Smith purposely sued only the Moodys in this case. Although the district court provided Smith several opportunities to name the United States as a defendant, Smith refused. Evidently, from Smith's responses to the district judge's orders, Smith has no intention of suing the United States in this action. Further, Smith's previous claim against the IRS was dismissed with prejudice in No. 92-38-CIV-4-H. Consequently, although the district judge dismissed the present case for failure to exhaust administrative remedies, even if Smith had exhausted his available remedies with the IRS, any suit he could have brought against the IRS regarding the seizure and sale of his property would have been precluded by the doctrine of res judicata.

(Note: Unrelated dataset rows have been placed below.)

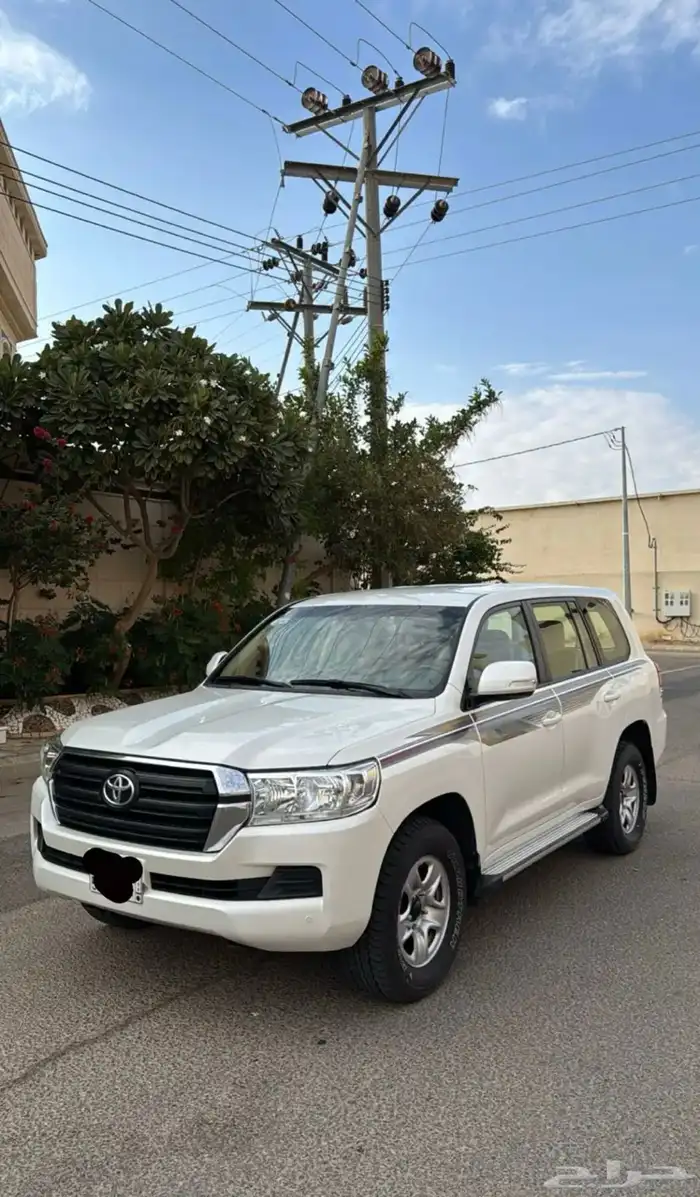 لاندكروزر 2016 1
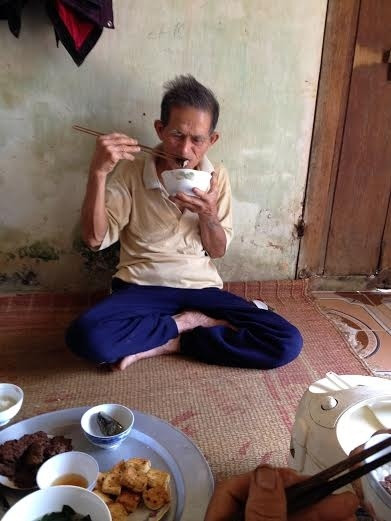 Dị nhân có cái bụng không đáy ảnh 1 Mỗi bữa ông Lự đều ăn rất khỏe. Ảnh Hồng Hà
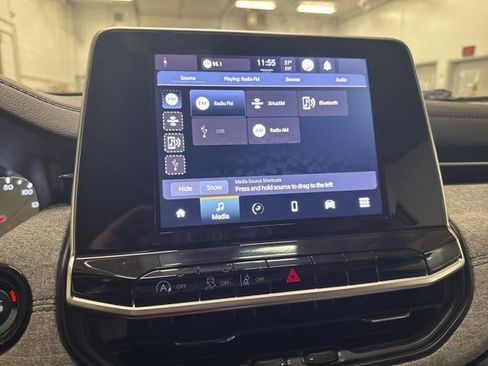 Used 2022 Jeep Compass Latitude image 17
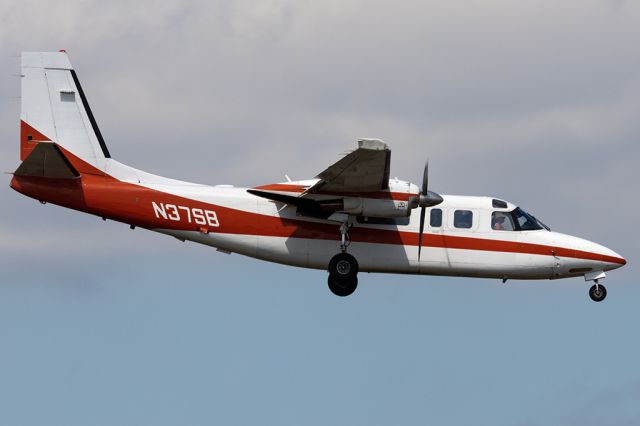 Aero Commander 500 (N37SB)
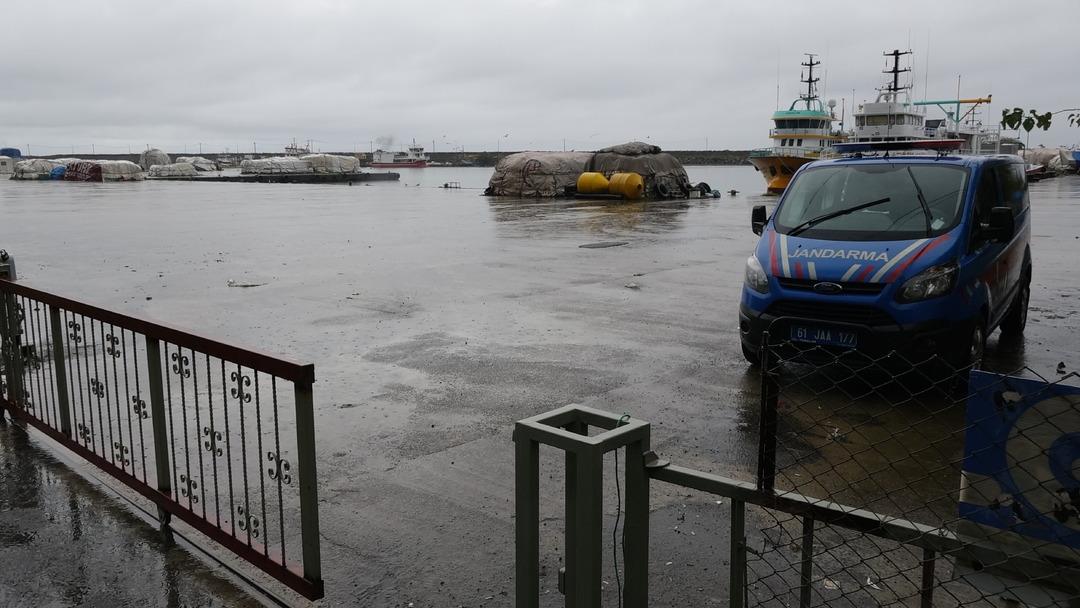 Trabzon u teyakkuza geçirdi, İstanbul dan özel ekip istendi! Yabancı menşeli cisim alarmı: "İçinde bomba olduğu tespit edildi" 15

We find that Smith's claim against the Moodys is strictly a state law claim to quiet title. No independent federal jurisdiction exists over this claim; the proper forum for decision of any claim against the Moodys is state court. Accordingly, the district court should have remanded the case under 28 U.S.C. § 1447(c) (1988). We therefore vacate and remand the case to the district court with instructions that the district court remand the case to state court pursuant to 26 U.S.C. § 1447(c). We grant Smith's motion to expedite to the extent that the appeal was decided as quickly as possible given the Court's current caseload. We dispense with oral argument because the facts and legal contentions are adequately presented in the materials before the Court and argument would not aid the decisional process.

VACATED AND REMANDED

(a) In general.-If, in connection with any collection of Federal tax with respect to a taxpayer, any officer or employee of the Internal Revenue Service recklessly or intentionally disregards any provision of this title, or any regulation promulgated under this title, such taxpayer may bring a civil action for damages against the United States in a district court of the United States. Except as provided in section 7432, such civil action shall be the exclusive remedy for recovering damages resulting from such actions....

 *

Section § 7433 provides, in pertinent part:

(d) Limitations.-

(1) Requirement that administrative remedies be exhausted.-A judgment for damages shall not be awarded under subsection (b) unless the court determines that the plaintiff has exhausted the administrative remedies available to such plaintiff within the Internal Revenue Service.